Усадив Сусанночку на кровать, он сам уселся рядом. Ему захотелось ее во что бы то ни стало ободрить и утешить. Хорошо. Если это так для нее тяжело,
Ведь они, в сущности, были пока ничем не связаны друг с другом. Хорошо, он подумает. Пусть только она успокоится, говорил он.
Но она отстранилась.
— Нет, нет, не надо. Ты нарочно.
Он старался сдержать ее дрожь, крепко стиснув ее плечи, проходя пальцами по ее дрожащим рукам.
— Ты нарочно говоришь, чтобы я успокоилась. Ты опять лжешь. Ты научился у нее, у той. У нее все ложь. Я боюсь ее.
Она втянула голову в плечи, закинув ее назад.
— У нее глаза точно из синею стекла. Она хочет меня убить.
— Да успокойся же, — просил он. — Когда ты успокоишься, мы поговорим.
— Нет, теперь я уже не успокоюсь. Я пропала. Знаю это.
Она качала головой, продолжая откидывать назад затылок, точно его тянули косы.
— Я для тебя слишком глупа. Теперь тебе нужно умную.
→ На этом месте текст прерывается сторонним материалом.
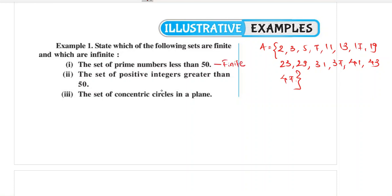The set of all positive integers greater than 50 — there are infinitely many positive integers greater than 50, so this is infinite.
Она глядела на него с растущим ужасом, точно перед нею вдруг обнажилось самое темное дно истины. Он обнимал ее плечи, а она сжималась больше и дальше, стараясь глубже уйти сама в себя. Может быть, она надеялась примириться с совершившимся. Это было бы самое лучшее. Все-таки она очень благоразумная женщина. Начинала расти надежда.
Он целовал ее руки.
В дверь осторожно постучали. Сусанночка вскочила с постели. Он подошел к двери и спросил удивленно:
— Кто?
Гавриил сделал маленькую щелку. Он манил его пальцем.
— Что случилось?
Пригнувшись, он сказал таинственно:
— Вера Николаевна… вас просят…
— Это она? — вскрикнула Сусанночка.
Он поразился быстрой переменой в ней.
— Ты должен ее принять. Сейчас же. Гавриил, просите в гостиную. Это ужасно: я вся заплаканная. Я хочу, чтобы ты принял ее в моем присутствии. Ведь ты не стыдишься меня?
XXV
Она торопливо мыла глаза над умывальником.
— Какое счастье! Я увижу вас вместе. О, ты можешь быть уверен, что я буду тактична. Ты же меня не знаешь, Нил. Я прожила до тебя большую и мучительную жизнь. Ты все считаешь меня девочкой. Ну пойдем. Во всяком случае, мы с тобой друзья? Да? И пожалуйста, не робей таким образом. Я хочу, чтобы ты смотрел ей гордо в лицо.
Она сжимала и перебирала по одному его пальцы.
— Вот так. Милый, неужели ты все-таки думаешь, что твое счастье для меня безразлично и я такая эгоистка? Я только думаю, что она тебя не любит.
В ее глазах Колышко читал сейчас что-то материнское. Это тронуло его, как неожиданность. Несчастный и виноватый, он целовал, согнувшись, ее руки. Его душили слезы, а она следила за ним, тихо лаская его глазами. Горе преобразило ее и сделало вдруг красивой особенной красотой, какой он не замечал раньше.